We propose a new possible explanation of the ATLAS diboson excess: that it is due to heavy resonant slepton production, followed by decay into dismuons. The smuon has a mass not too far from the $W$ and $Z$ masses, and so it is easily confused with $W$ or $Z$ bosons after its subsequent decay into dijets, through a supersymmetry violating and $R$-parity violating interaction. Such a scenario is not currently excluded by other constraints and remains to be definitively tested in Run II of the LHC. Such light smuons can easily simultaneously explain the discrepancy between the measurement of the anomalous magnetic moment of the muon and the Standard Model prediction.

Figure 1

Slepton resonance mimicking the ATLAS diboson excess. The resonant charged slepton/sneutrino has a mass of around 1.9 TeV, and the smuons must be in the mass regime 80–105 GeV, such that they would be mistaken for $W$ or $Z$’s after their boosted hadronic decay.

Figure 2

95% C.L. exclusion region (red shaded) derived from LEP II data for dismuon production cross sections, followed by smuon decay into dijets, as a function of the smuon mass. For comparison, we also show the pair production cross sections for ${\tilde{\mu }}_L$ (blue solid), ${\tilde{\mu }}_R$ (green dashed) and ${\tilde{\nu }}_{\mu }$ (brown dotted) at $\sqrt{s}=209\mathrm{GeV}$.

Figure 3

Branching ratios of slepton decays to diquarks and dismuons through RPV couplings given by Eqs. (1) and (2), respectively.

Figure 4

The RPV parameter space favored by the ATLAS diboson excess in 8 TeV LHC data (blue shaded region). The 8 TeV exclusion regions from CMS dijet (solid orange) and diboson (green) as well as the 13 TeV exclusion from CMS dijet (dashed orange) searches are also shown.

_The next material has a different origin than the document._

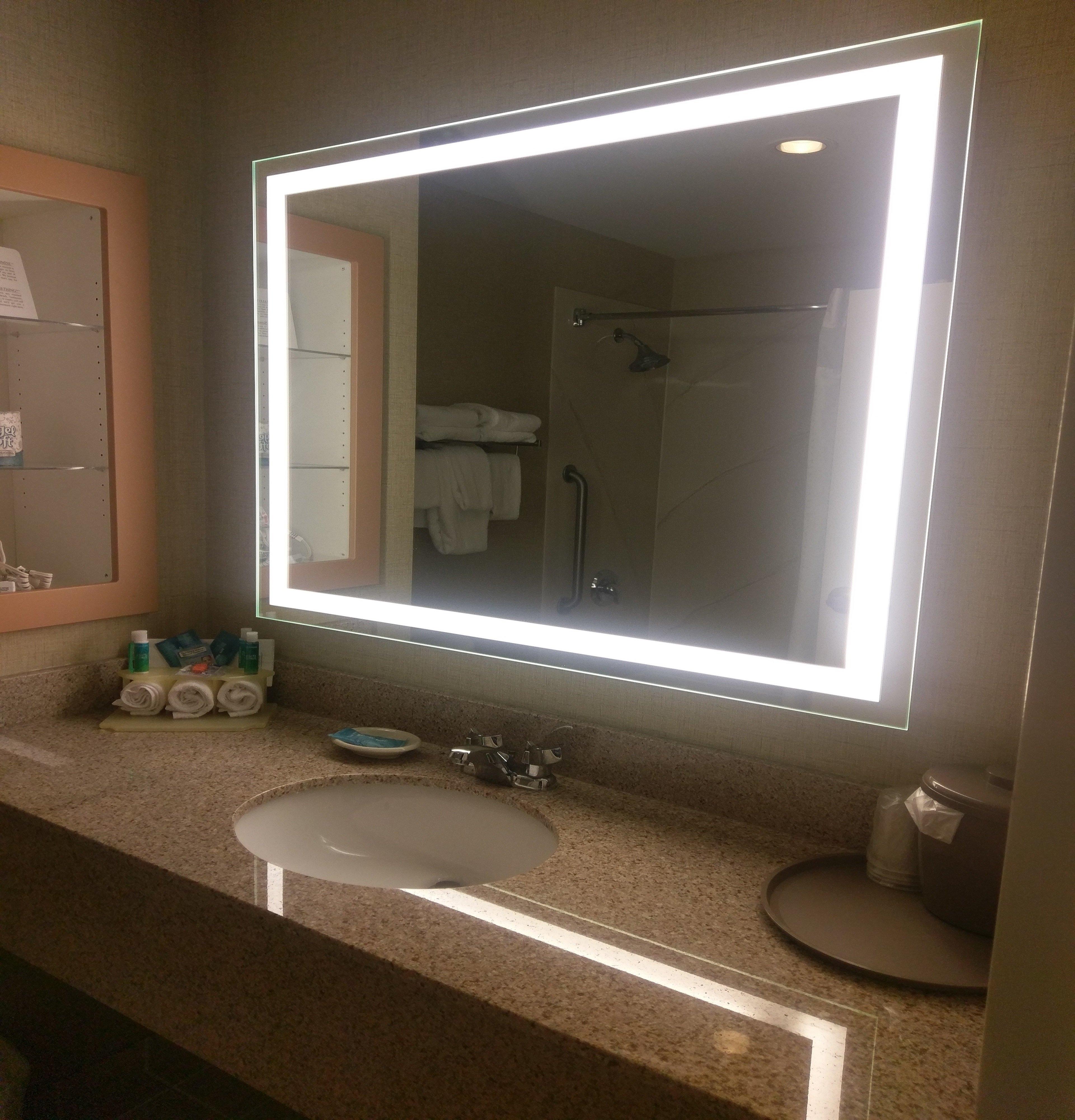 Holiday Inn Express Hotel & Suites Watertown - Thousand Islands By Ihg Esterno foto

The magenta dashed vertical line shows the upper limit for the $j=1$ case on $|{\lambda }_{111}^{\prime }|$ due to null results from a recent $0\nu \beta \beta$ search, assuming the lightest neutralino mass of 1 TeV. The light red region in the top half of the plot is nonperturbative as estimated by Eq. (24), and the region outside of the solid brown line has a resonance width larger than 100 GeV. The horizontal pink dashed line is the suggestive upper bound for $|A_{j22}|$ obtained from Eq. (25) beyond which one might develop a charge-breaking minimum.